= Chan–Karolyi–Longstaff–Sanders process =

Stochastic process with applications to finance

In mathematics, the Chan–Karolyi–Longstaff–Sanders process (abbreviated as CKLS process) is a stochastic process with applications to finance. In particular it has been used to model the term structure of interest rates. The CKLS process can also be viewed as a generalization of the Ornstein–Uhlenbeck process. It is named after K. C. Chan, G. Andrew Karolyi, Francis A. Longstaff, and Anthony B. Sanders, with their paper published in 1992.

== Definition ==
The CKLS process $X_t$ is defined by the following stochastic differential equation:
$dX_t = (\alpha + \beta X_t) dt + \sigma X_t^{\gamma}dW_t$
where $W_t$ denotes the Wiener process. The CKLS process has the following equivalent definition:
$dX_t = -k(X_t - a) dt + \sigma X_t^{\gamma}dW_t$

== Properties ==

- CKLS is an example of a mean-reverting process
- The moment-generating function (MGF) of $X_t^{2(1-\gamma)}$ has a singularity at a critical moment independent of $\gamma$. Moreover, the MGF can be written as the MGF of the CIR model plus a term that is a solution to a Nonlinear partial differential equation.
- The CKLS equation has a unique pathwise solution.
- Cai and Wang (2015) have derived a central limit theorem and deviation principle for the CKLS model while studying its asymptotic behavior.
- CKLS has been referred to as a time-homogeneous model as usually the parameters $\alpha, \beta, \sigma, \gamma$ are taken to be time-independent.
- The CKLS has also been referred to as a one-factor model (also see Factor analysis).

== Special cases ==
Many interest rate models and short-rate models are special cases of the CKLS process which can be obtained by setting the CKLS model parameters to specific values. In all cases, $\sigma$ is assumed to be positive.

Family of CKLS process under different parametric specifications.
| Model/Process | $\alpha$ | $\beta$ | $\gamma$ |
|---|---|---|---|
| Merton | Any | 0 | 0 |
| Vasicek | Any | Any | 0 |
| CIR or square root process | Any | Any | 1/2 |
| Dothan | 0 | 0 | 1 |
| Geometric Brownian motion or Black–Scholes–Merton model | 0 | Any | 1 |
| Brennan and Schwartz | Any | Any | 1 |
| CIR VR | 0 | 0 | 3/2 |
| CEV | 0 | Any | Any |

== Financial applications ==
The CKLS process is often used to model interest rate dynamics and pricing of bonds, bond options, currency exchange rates, securities, and other options, derivatives, and contingent claims. It has also been used in the pricing of fixed income and credit risk and has been combined with other time series methods such as GARCH-class models.

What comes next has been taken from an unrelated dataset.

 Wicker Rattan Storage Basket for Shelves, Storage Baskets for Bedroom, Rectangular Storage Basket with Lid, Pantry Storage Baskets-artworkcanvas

One question studied in the literature is how to set the model parameters, in particular the elasticity parameter $\gamma$. Robust statistics and nonparametric estimation techniques have been used to measure CKLS model parameters.

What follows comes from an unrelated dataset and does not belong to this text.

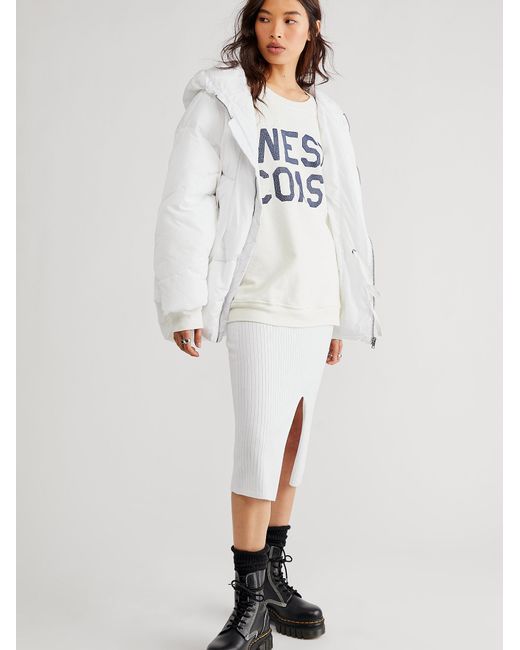 Free People White Care Fp Trapeze Haley Puffer Jacket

In their original paper, CKLS argued that the elasticity of interest rate volatility is 1.5 based on historical data, a result that has been widely cited. Also, they showed that models with $\gamma \ge 1$ can model short-term interest rates more accurately than models with $\gamma < 1$.

Later empirical studies by Bliss and Smith have shown the reverse: sometimes lower $\gamma$ values (like 0.5) in the CKLS model can capture volatility dependence more accurately compared to higher $\gamma$ values. Moreover, by redefining the regime period, Bliss and Smith have shown that there is evidence for regime shift in the Federal Reserve between 1979 and 1982. They have found evidence supporting the square root Cox-Ingersoll-Ross model (CIR SR), a special case of the CKLS model with $\gamma = 1/2$.

The period of 1979-1982 marked a change in monetary policy of the Federal Reserve, and this regime change has often been studied in the context of CKLS models.